• DIRECTIONS FOR THIS TASK:
What is needed is an exact repeat of the entries, with no pictures in it.

• TASK DATA:
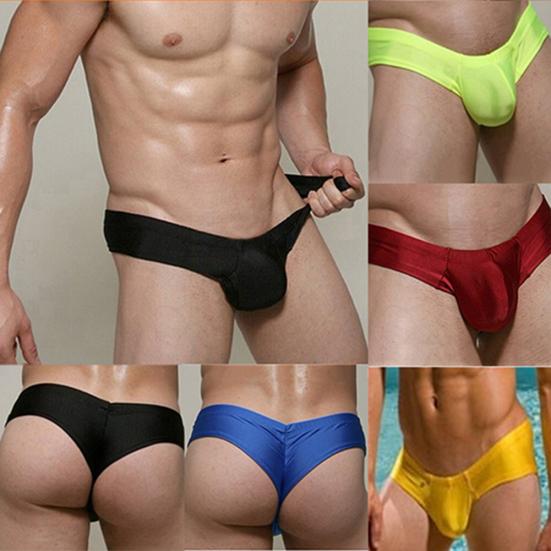 New Mans Low Waist Leakage Hip U Convex Design Underwear Men Briefs Sexy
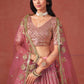 Peach Color With Embroidery Work Lehenga In Litchfield Park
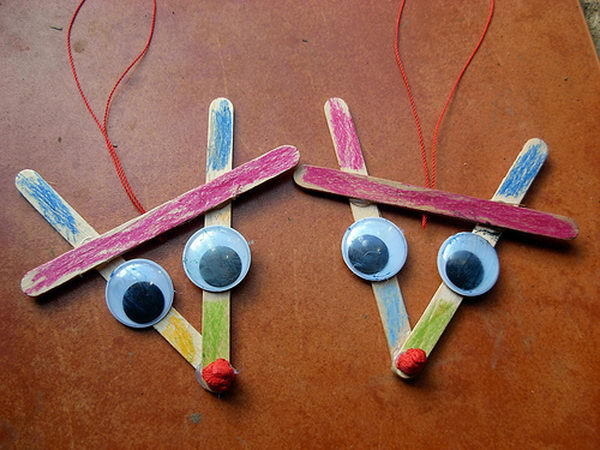 Homemade Popsicle Stick Crafts #craft #stick #popsicle #homemade #diy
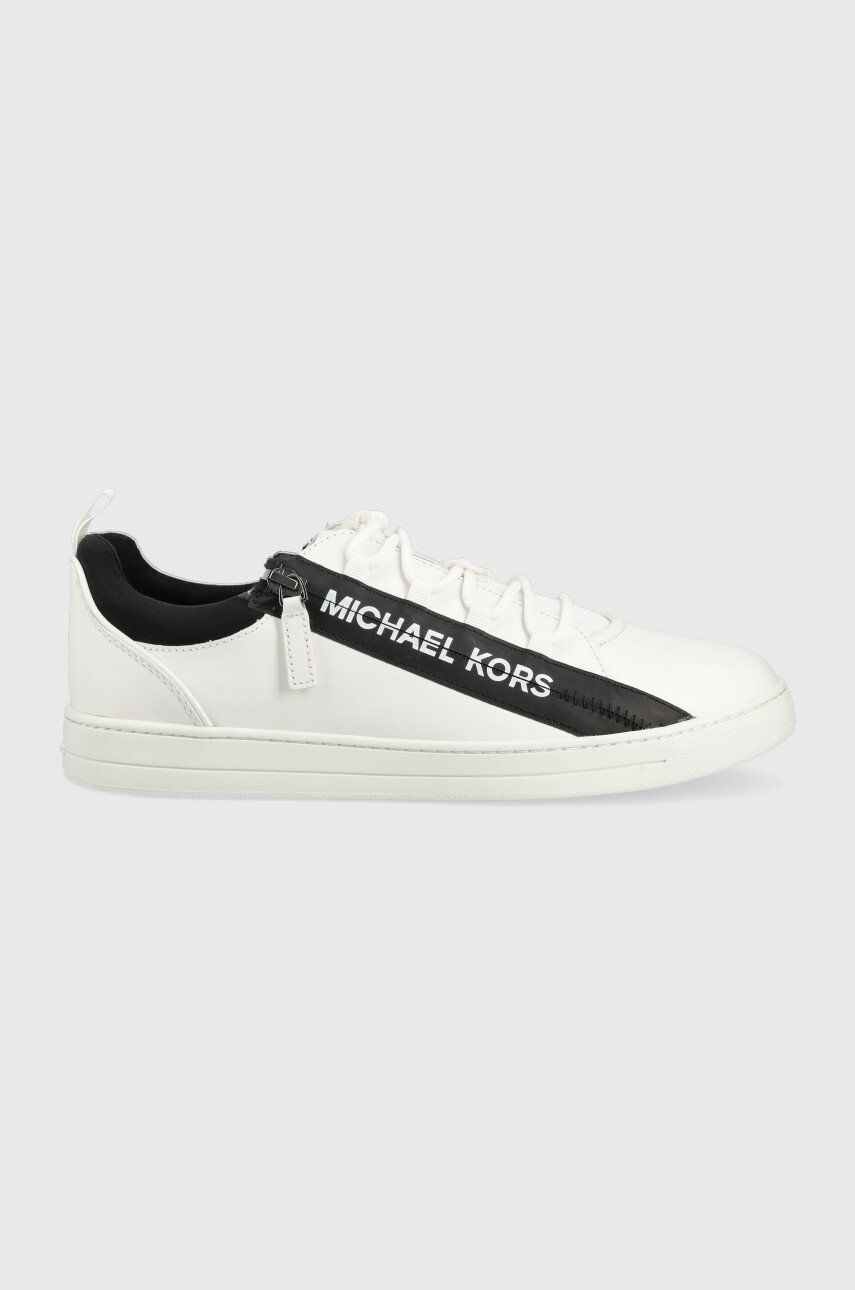 Michael Kors sneakers din piele Keating culoarea alb Alb imagine noua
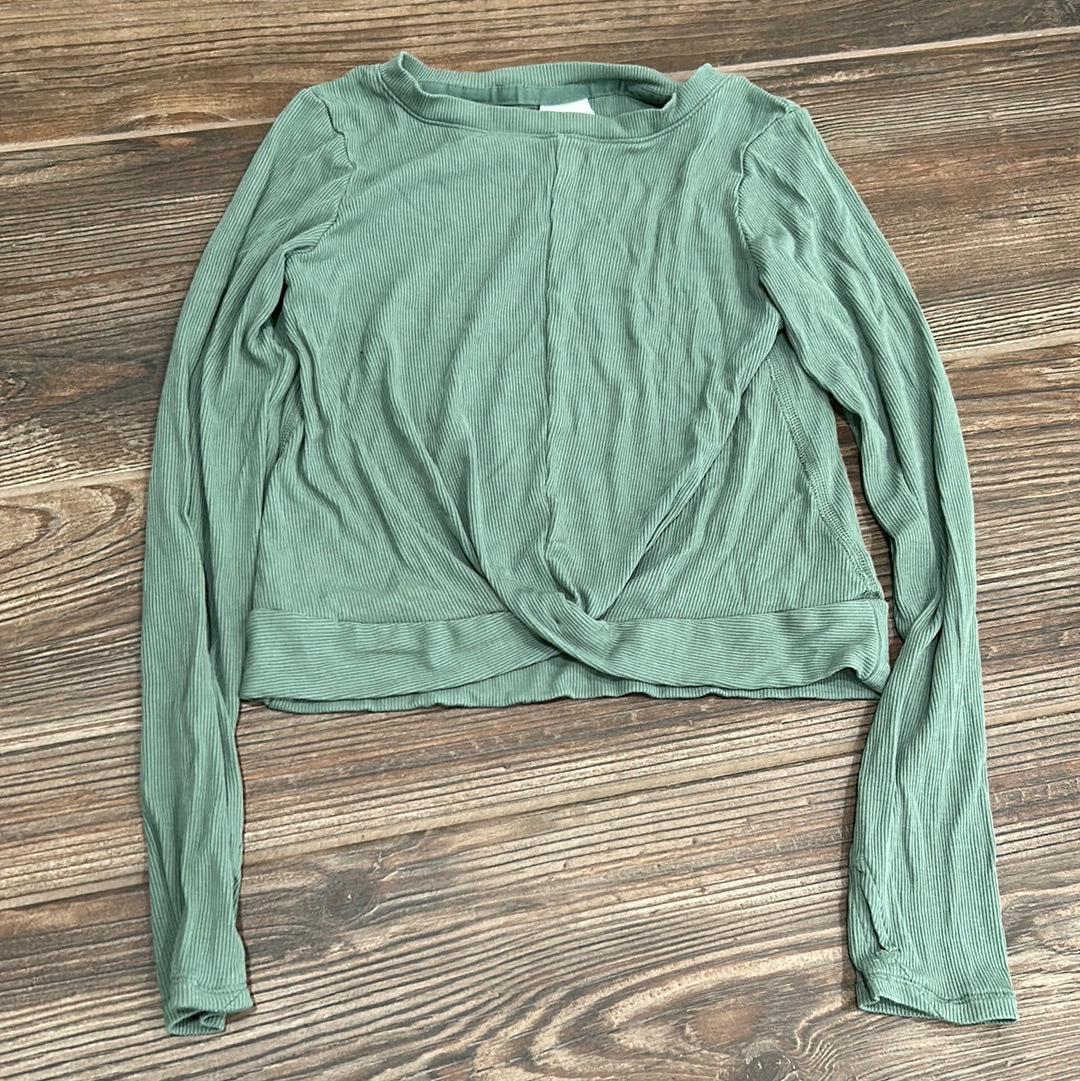 Girls Size Medium (8) All In Motion Modal Blend Ribbed Long Sleeve Shirt With Thumbholes - Very Good Used Condition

• SOLUTION TO THIS TASK:
 New Mans Low Waist Leakage Hip U Convex Design Underwear Men Briefs Sexy
 Peach Color With Embroidery Work Lehenga In Litchfield Park
 Homemade Popsicle Stick Crafts #craft #stick #popsicle #homemade #diy
 Michael Kors sneakers din piele Keating culoarea alb Alb imagine noua
 Girls Size Medium (8) All In Motion Modal Blend Ribbed Long Sleeve Shirt With Thumbholes - Very Good Used Condition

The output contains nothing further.